Shannon airport was fine for the new post-war piston-engined aircraft, which just about staggered like Roger Bannister to the new airport, bearing a cargo of exhausted, deafened, hallucinating passengers. Moreover, the very quality which made Shannon a good stop-over - its remoteness from the rest of Europe - gave it another allure. Since independence, a central leitmotif of Irish political and cultural life has been that the real Ireland lay west of the Shannon. Thus the west was to be the role model for the rest of the country.

Small problem. This was like making Albania your role model. The west was, socially and economically, the most dysfunctional part of western Europe. Over-production of babies meant dispersal of resources, low educational achievement, no capital accumulation, no investment, high unemployment, lunatic mountainy-men tending two acres of bog with their darling wives, usually a merino/blackface cross, plus huge emigration, oh - and whatever you're having yourself.

Something had to be done to save the west, and that thing was Shannon airport - among, of course, other things. But Shannon was the jewel in the crown of a vast programme of economic incentives, inducements and straightforward bribes for companies to move to the west.
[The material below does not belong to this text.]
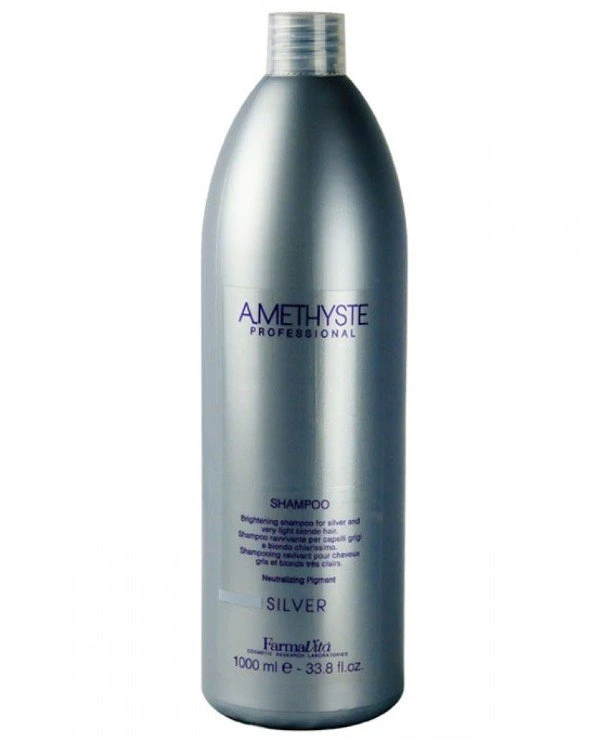FarmaVita - Шампунь для седых и осветленных волос Silver Shampoo 1000 мл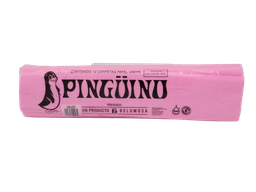 [002738] Papel Crepe Pingüino Rosa Palido C/ 10 pzs Belumosa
The west, meanwhile, pretty much slumbered alongside its uxorial sheep, as Shannon town filled up with Northerners - hence "Clare's" hostility to changes in GAA rules excluding members of the British army and the RUC.

Meanwhile, Mr and Mrs Boeing had changed everything. Shannon was no longer necessary for non-Irish transatlantic flights, so everyone's 707s just kept on going - apart, that is, from those into and out of Ireland, all of which were obliged by law to land there, even when their destination was Dublin. This was imbecility dressed up in the party frock called "saving the west". It didn't save the west, but it did do untold damage to Ireland's economic fortunes. Moreover, it was a classic example of the dirigisme which had dogged Irish economic policy from independence, with the further piety that Shannon was not just the gateway to Ireland, but, with the west generally, to the Irish soul.

The fatuity of the artificial protection for Shannon must have been obvious to all at some level or another; but like preserving the language, the Shannon stop-over became a central sanctimony of Irish political life, unquestioned by any party and transmitted as apple-pie policy from one administration to the next.

It was hokum then, and it's hokum now. Time to let it go. Let Shannon sink or swim. The world is full of silted-up harbours which now sit miles from the shore on seas upon which they once launched a thousand argosies. Hendon, Le Breuget, Prestwick were once major aircraft hubs; now grass grows on their runways or a plane lands every second day. Shannon no longer has any useful, scheduled transatlantic function - unless, that is, Michael O'Leary thinks otherwise. If he does, he'll probably expect the pilot to buy the fuel and make the sandwiches.

It seems unlikely, somehow. Far denser population areas across Europe have no direct flights to the US; why should Limerick-Shannon? It's not as if the tourist industry in the west absolutely depends on the connection. Few US tourists to Stratford-on-Avon fly into nearby Birmingham airport: the vast majority arrive in London and do the tour, yet Shakespeare's home town seems to manage more than just fine.

Like the dear old Saunders Roe SR.A/1 flying boat fighter, Shannon transatlantic airport is now long past its useful life expectancy.

Let us change names and call it Shannon Regional Airport/One: SRA/1.